- [Description of the task]
When you set down the entries, keep every word exactly as it is but drop the pictures.

- [Raw data]
_ _ _ _
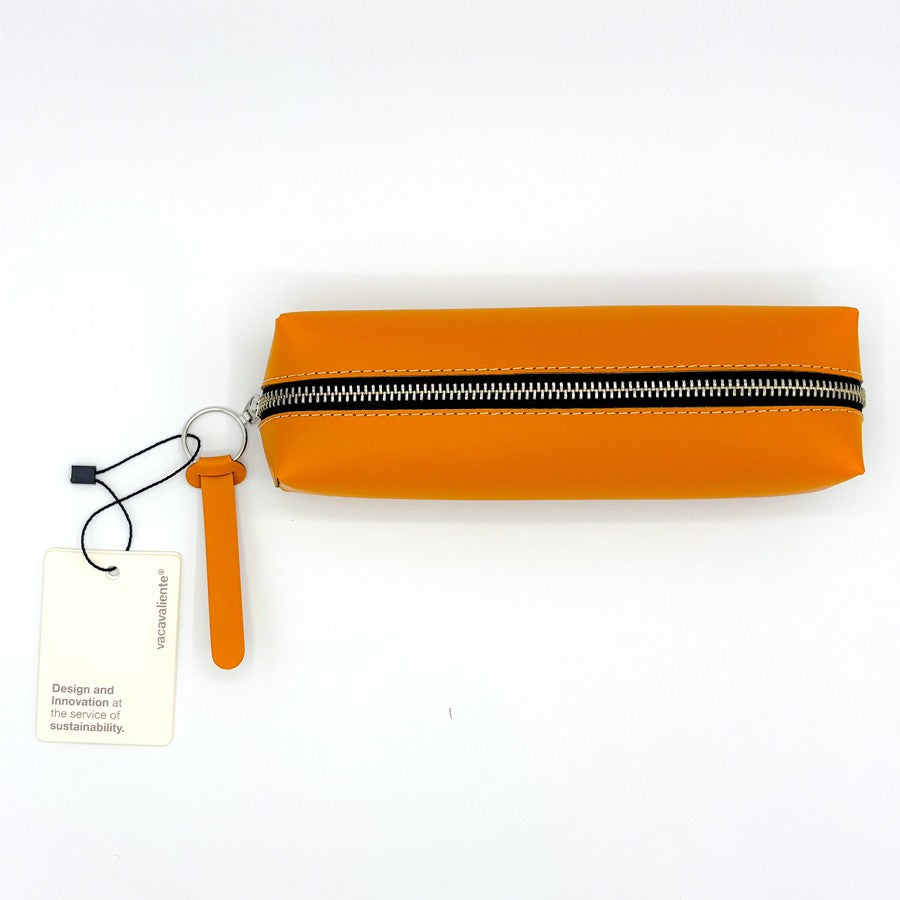 Estuche naranja de cuero con cremallera metálica y etiqueta de sostenibilidad en fondo blanco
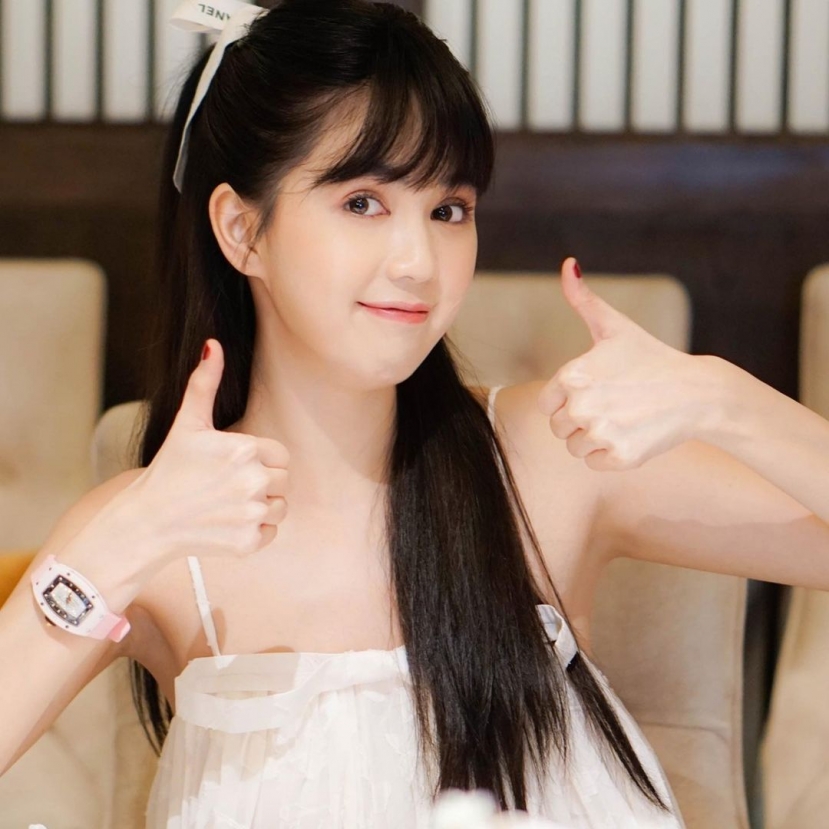 Vốn sở hữu thân hình chuẩn không cần chỉnh và khuôn mặt như 'búp bê sống' nên Ngọc Trinh 'dát' gì lên người vẫn hút ánh nhìn. Vốn sở hữu thân hình chuẩn không cần chỉnh và khuôn mặt như 'búp bê sống' nên Ngọc Trinh 'dát' gì lên người vẫn hút ánh nhìn.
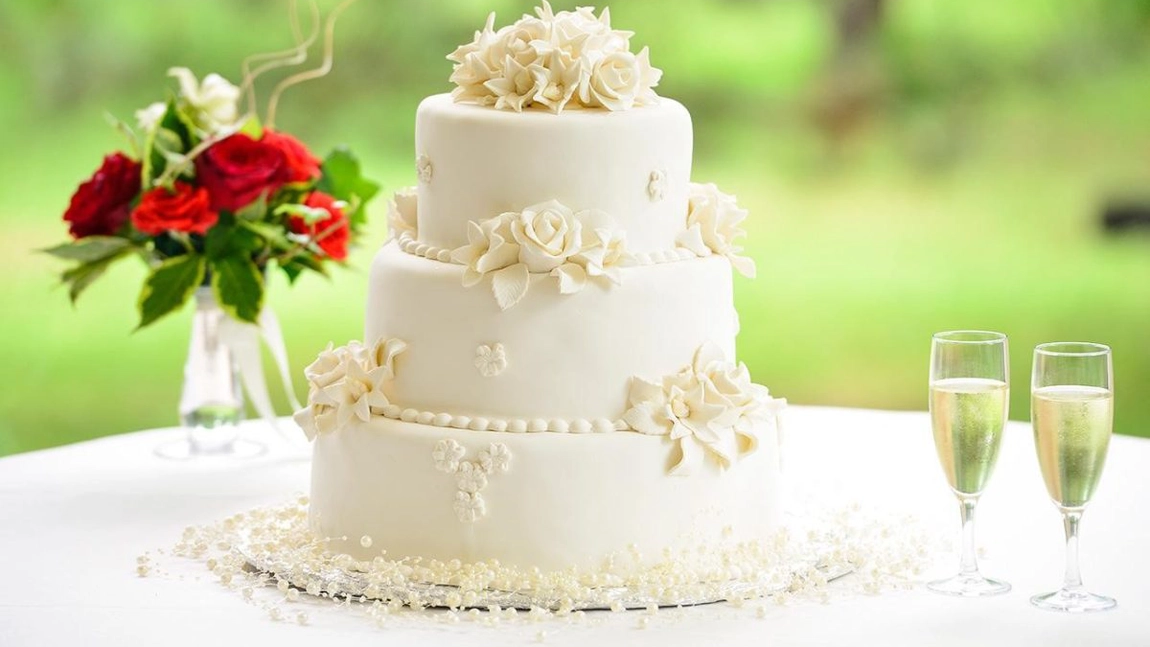 Ce tort este potrivit pentru o cununie civilă? Iată tot ce trebuie să știi pentru un eveniment memorabil!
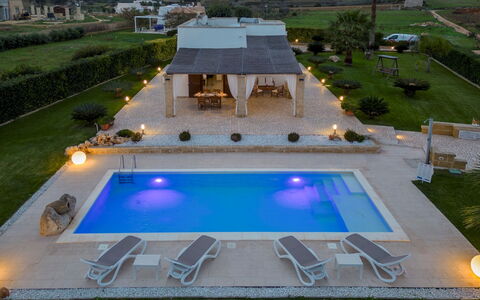Villa Serena 4: Zwembad, Thermae, Toevlucht, Buitenmeubels, Waterpartij, Eco Hotel, Paraplu, Landgoed, Meubilair, Flagstone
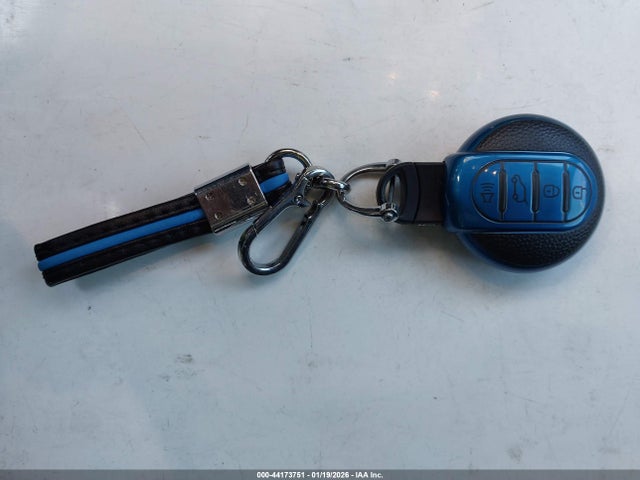 2019 MINI HARDTOP WMWXU1C51K2H73647 Photo 10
_ _ _ _
- [Result for this exercise]
 Estuche naranja de cuero con cremallera metálica y etiqueta de sostenibilidad en fondo blanco
 Vốn sở hữu thân hình chuẩn không cần chỉnh và khuôn mặt như 'búp bê sống' nên Ngọc Trinh 'dát' gì lên người vẫn hút ánh nhìn. Vốn sở hữu thân hình chuẩn không cần chỉnh và khuôn mặt như 'búp bê sống' nên Ngọc Trinh 'dát' gì lên người vẫn hút ánh nhìn.
 Ce tort este potrivit pentru o cununie civilă? Iată tot ce trebuie să știi pentru un eveniment memorabil!
Villa Serena 4: Zwembad, Thermae, Toevlucht, Buitenmeubels, Waterpartij, Eco Hotel, Paraplu, Landgoed, Meubilair, Flagstone
 2019 MINI HARDTOP WMWXU1C51K2H73647 Photo 10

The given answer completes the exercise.